昨今、「民俗学とは何ぞ」という超大な質問に自分なりの解答を示してきましたが、今回はその問題に直面している私の論文「ある保健婦の足跡から見る地域保健活動の展開」についてお話したいと思います。
タイトルからして「ザ・社会学or生活学or家政学」っと思う方もおられるでしょう。
その答え、間違っていないですよ。私としてもこの研究は上記の社会科学の分野からの学際的研究として行おうとしているわけですから。まぁ、どちらでもいいと言えばいいです。ですが、私は民俗学者として研究員として民俗学を学ぶ大学にいます。ですので、立場をちょっと明確にした方がいいのじゃないかと思うわけです。そのことを指導教授に指摘されたとき。「これは民俗学じゃないね」と言われやはりショックを受けました。当然といえば当然の反応です。その時発表したのは地域保健活動の動向のみだったわけですから…これを聞く限りではだれも「民俗学」とはおもわないでしょうね。
そこで、私なりに考えてみたわけです。「民俗学」を時間的空間的なものにおける暮しうる社会とするのであれば、地域生活の変遷過程における「他者」(私の場合は地域保健活動もしくはそれを率先した保健婦)の介入も考えるべきなのではないでしょうか。これまでは地域保健活動の動向に熱を入れていましたが、それだけではなく地域社会にそれがどのように介入していったのかという時系列的な介入過程を示すことで、それなりに民俗学としてなりうるのではないかと思うわけです。
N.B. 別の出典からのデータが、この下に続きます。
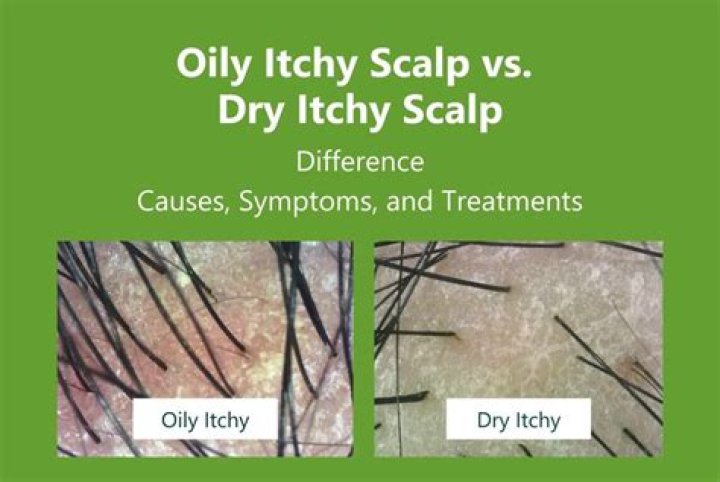 Will hair dye stick to oily hair?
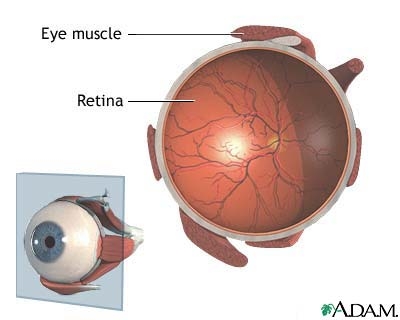 Fleck retina of kandori syndrome (kandori syndrome) 4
簡単にいえば、「地域の生活への介入」それをなした人物と住民との関係性を見ることにあります。目的としての地域保健活動の展開もさながら、保健婦(「他者」)と地域住民との関係を描くことでよりリアルにそれを描くことができるのです。まぁ付け焼刃といえばそうかもしれませんが、私としては本気でこれを信じています。まずこれを教授に提案してみて、意見を得たいと思います。